# Data Ingestion for Fake News Detection

This notebook demonstrates the data ingestion process for our fake news detection pipeline using Hive metastore tables. Data ingestion is the first critical step in any data science project, as it involves collecting, loading, and preparing the raw data for further processing.

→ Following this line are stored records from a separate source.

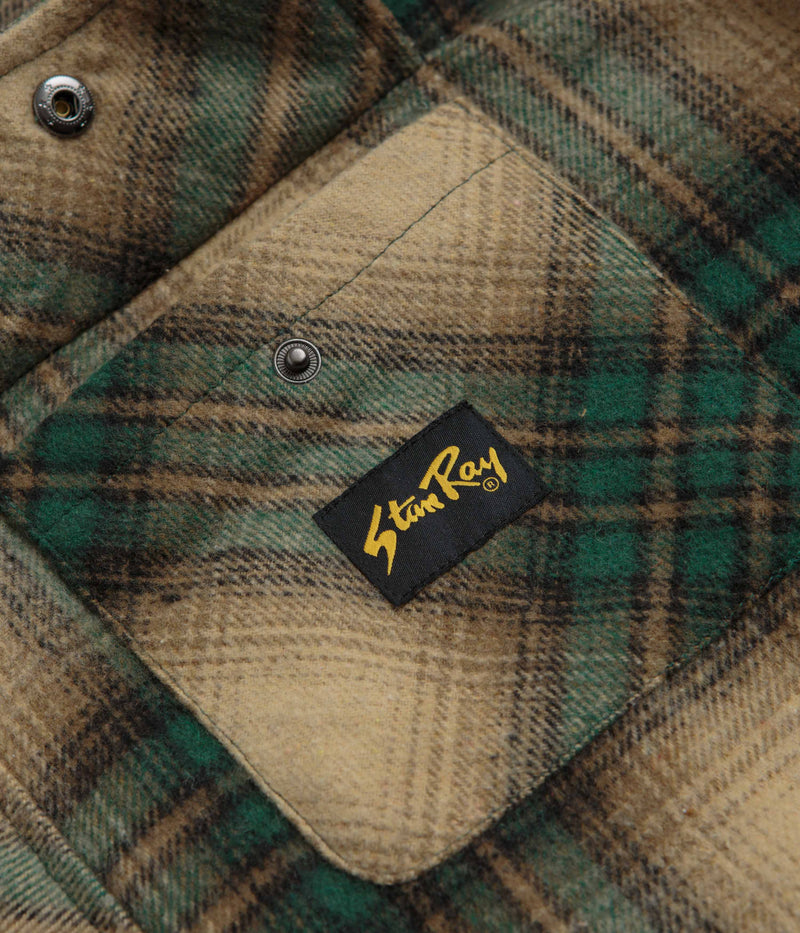 Stan Ray Quilted Plaid Overshirt in Olive Plaid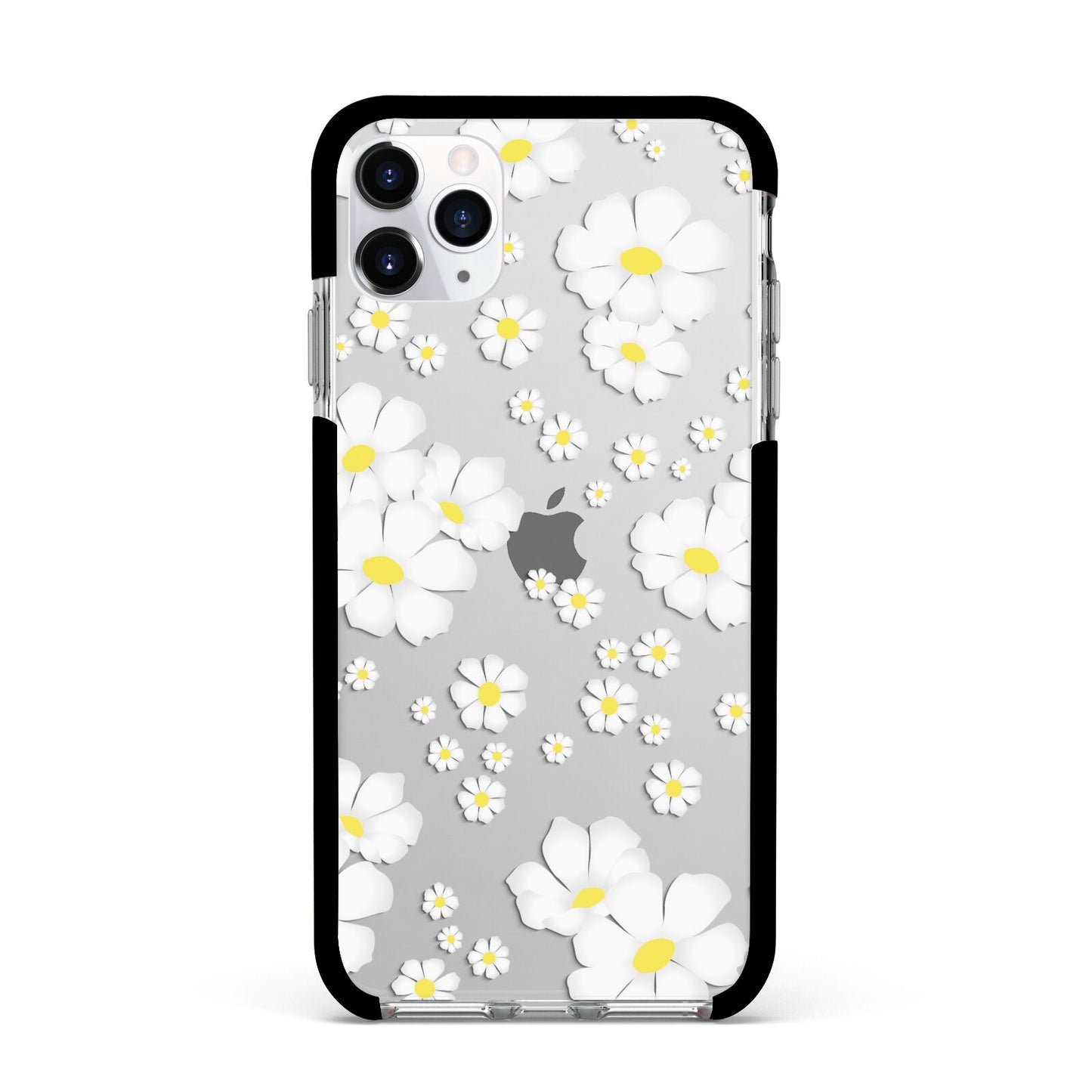White Daisy Flower Apple iPhone 11 Pro Max in Silver with Black Impact Case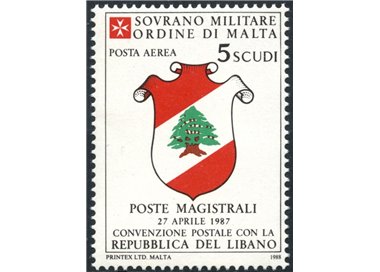 SMOM 1988 Postal Agreement with Lebanon MNH**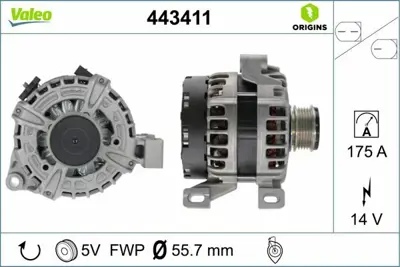 VALEO 443411 Alternator Komple Volvo S60 Ii (134) 2.0 T 12>15 V40 (525 526) D3-D4 -T4-T5 12> V60 I (155 157) D4 Awd 12> B 5204 T8-D 5204 T6 -B 5254 T12 36000613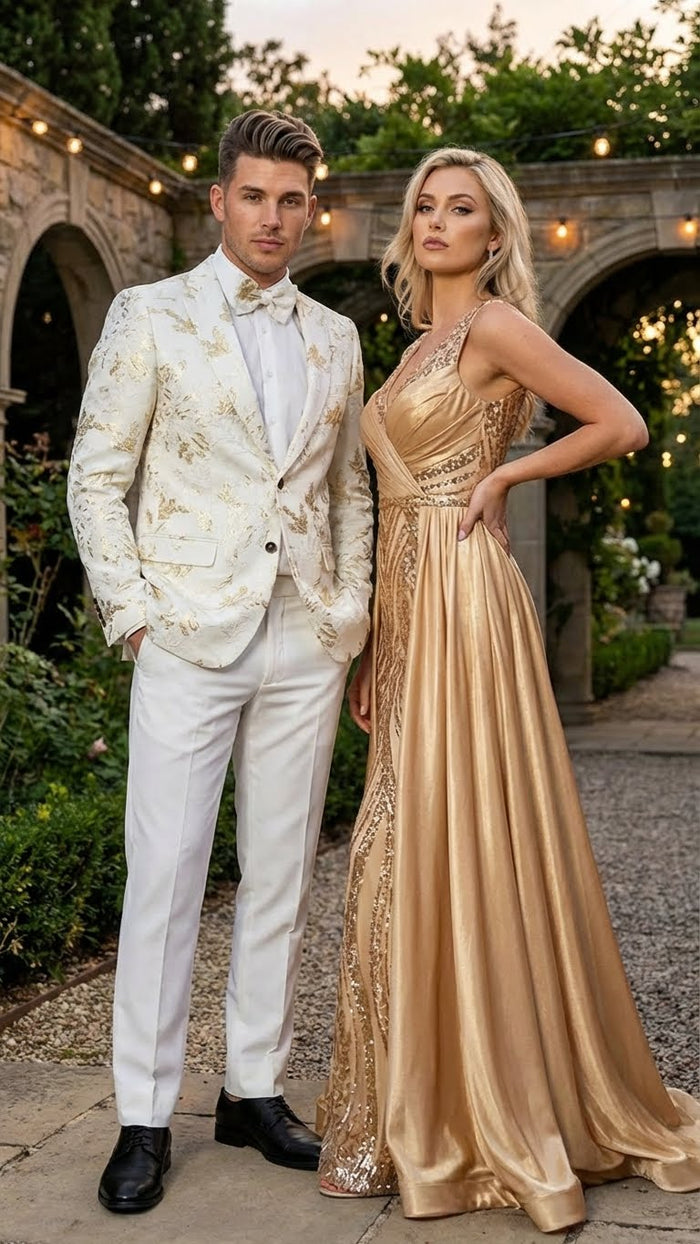 Mens White and Gold Patterned Blazer Paisley Floral Pattern Prom Wedding Suit Tuxedo Dinner Jacket + Bowtie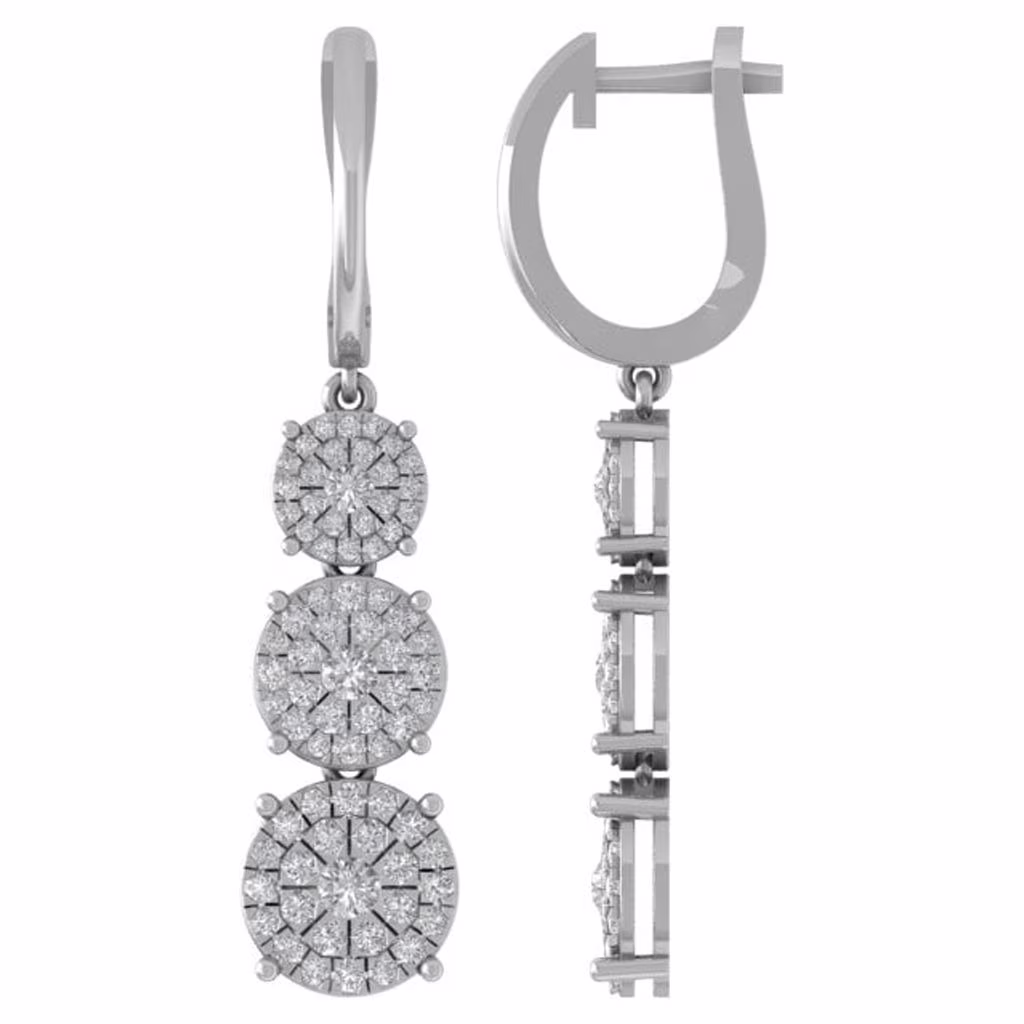 ARAIYA 10K White Gold Cluster Lab Grown Diamond Dangle Earrings (1 cttw, VS Clarity, D-E Color)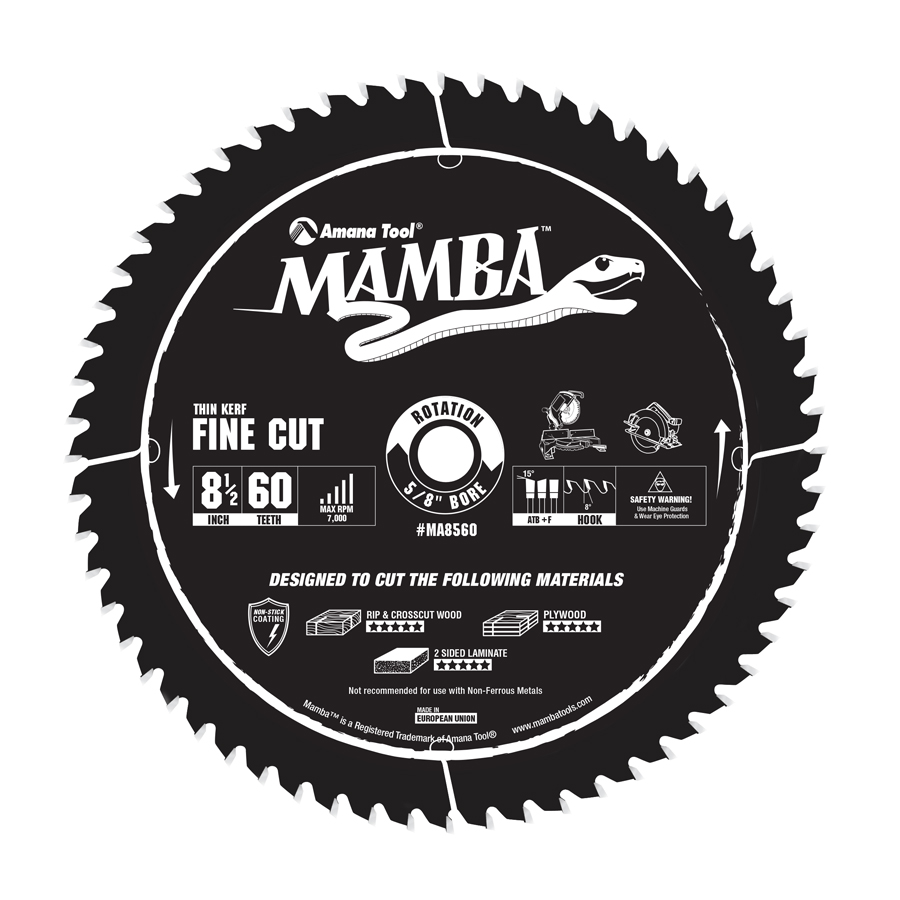 Amana Tool MA8560 Carbide Tipped Thin Kerf Fine Cut Mamba Contractor Series 8-1/2 Inch D x 60T, ATB+F, 8 Deg, 5/8 Bore Circular Saw Blade_22reqt1up0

## Why Data Ingestion is Important

In fake news detection, proper data ingestion ensures:
1. Data quality and consistency
2. Appropriate labeling of real and fake news articles
3. Balanced representation of both classes
4. Efficient storage for distributed processing

This notebook will guide you through the process of loading, combining, and processing news data using Apache Spark for distributed processing, with a focus on leveraging Hive metastore tables in Databricks for the complete dataset (approximately 45,000 articles).

## Setup and Imports

First, let's import the necessary libraries and set up our environment.

In [None]:
# Import required libraries
import os
import numpy as np
from pyspark.sql import SparkSession
from pyspark.sql.functions import lit, col, when, count, desc, rand
from pyspark.sql.types import StructType, StructField, StringType, IntegerType

# Import our custom Hive data ingestion module
# Note: In Databricks, you may need to adjust this import path
# You can use %run ./hive_data_ingestion instead
import sys
sys.path.append('/dbfs/FileStore/tables')
from hive_data_ingestion import HiveDataIngestion

## Creating a Spark Session with Hive Support

We'll use Apache Spark for distributed data processing, with Hive support enabled to access the metastore tables. Let's create a properly configured Spark session optimized for the Databricks Community Edition limitations (1 driver, 15.3 GB Memory, 2 Cores).

In [None]:
# Create a Spark session with configuration optimized for Databricks Community Edition
# - appName: Identifies this application in the Spark UI and logs
# - spark.sql.shuffle.partitions: Set to 8 (4x number of cores) for Community Edition
# - spark.driver.memory: Set to 8g to utilize available memory while leaving room for system
# - enableHiveSupport: Enables access to Hive metastore tables
spark = SparkSession.builder \
    .appName("FakeNewsDetection") \
    .config("spark.sql.shuffle.partitions", "8") \
    .config("spark.driver.memory", "8g") \
    .enableHiveSupport() \
    .getOrCreate()

# Display Spark version information
print(f"Spark version: {spark.version}")
print(f"Spark configuration: {spark.sparkContext.getConf().getAll()}")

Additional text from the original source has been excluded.